The Lost Generation - Jacob Savage | NeoGAF

But those women didn’t take our jobs any more than the 50-year-old Hollywood lifers had. The lifers were still there. They’re still there. And I’m not angry at the women and people of color who made it instead of me—people have the right, in most cases the responsibility, to take the opportunities that are offered them—or even at the older white guys who ensured that I didn’t.

Mostly I’m annoyed at myself. Because instead of settling down, proposing to my then-girlfriend (now wife), and earning a steady income that might support a family, I spent a decade insisting the world treat me fairly, when the world was loudly telling me it had no intention of doing so.

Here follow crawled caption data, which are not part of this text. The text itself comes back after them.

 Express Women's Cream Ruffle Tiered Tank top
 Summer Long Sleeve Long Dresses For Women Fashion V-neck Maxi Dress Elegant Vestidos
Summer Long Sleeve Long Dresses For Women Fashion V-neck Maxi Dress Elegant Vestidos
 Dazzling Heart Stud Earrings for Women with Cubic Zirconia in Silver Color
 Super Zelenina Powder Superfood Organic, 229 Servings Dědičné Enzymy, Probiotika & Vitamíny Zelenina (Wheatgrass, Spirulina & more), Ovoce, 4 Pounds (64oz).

I could see what was happening—I was being told point-blank what was happening—and still I thought I’d be the exception, that if I wrote one more script, took one more meeting, I’d slip through. But very few people get to be the exception.

It’s strange and more than a little poisonous to see yourself buffeted by forces beyond your control. But there’s also a comfort in it. Because it’s less painful to scroll through other people’s IMDb pages late at night, figuring out what shortcut—race, gender, connections—they took to success, than to grapple with the fact that there are white men my age who’ve succeeded, and I am not one of them. I could have worked harder, I could have networked better, I could have been better. The truth is, I’m not some extraordinary talent who was passed over; I’m an ordinary talent—and in ordinary times that would have been enough.

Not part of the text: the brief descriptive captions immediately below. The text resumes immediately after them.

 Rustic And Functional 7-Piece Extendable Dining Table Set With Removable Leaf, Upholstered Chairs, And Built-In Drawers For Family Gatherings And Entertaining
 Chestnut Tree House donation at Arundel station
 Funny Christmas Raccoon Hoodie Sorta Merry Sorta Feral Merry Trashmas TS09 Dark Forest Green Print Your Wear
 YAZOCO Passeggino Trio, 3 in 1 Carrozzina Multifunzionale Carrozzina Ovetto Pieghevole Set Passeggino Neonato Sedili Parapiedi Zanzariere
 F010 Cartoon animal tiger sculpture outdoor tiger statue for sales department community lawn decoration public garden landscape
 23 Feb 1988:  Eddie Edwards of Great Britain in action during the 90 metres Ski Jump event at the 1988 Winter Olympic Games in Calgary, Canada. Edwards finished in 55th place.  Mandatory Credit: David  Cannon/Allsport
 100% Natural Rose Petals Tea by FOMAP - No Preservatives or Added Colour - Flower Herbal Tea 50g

There’s a wounded pride here—how could there not be? I have two sons. I used to imagine, long before they were born, that I would take them to film sets, that I’d bring them along to exotic locations. Instead their father spends most of his working day in his bedroom, scrolling through spreadsheets and ticket listings.

What do I say when my boys ask about my old hopes and dreams? What do I tell them when they ask about theirs?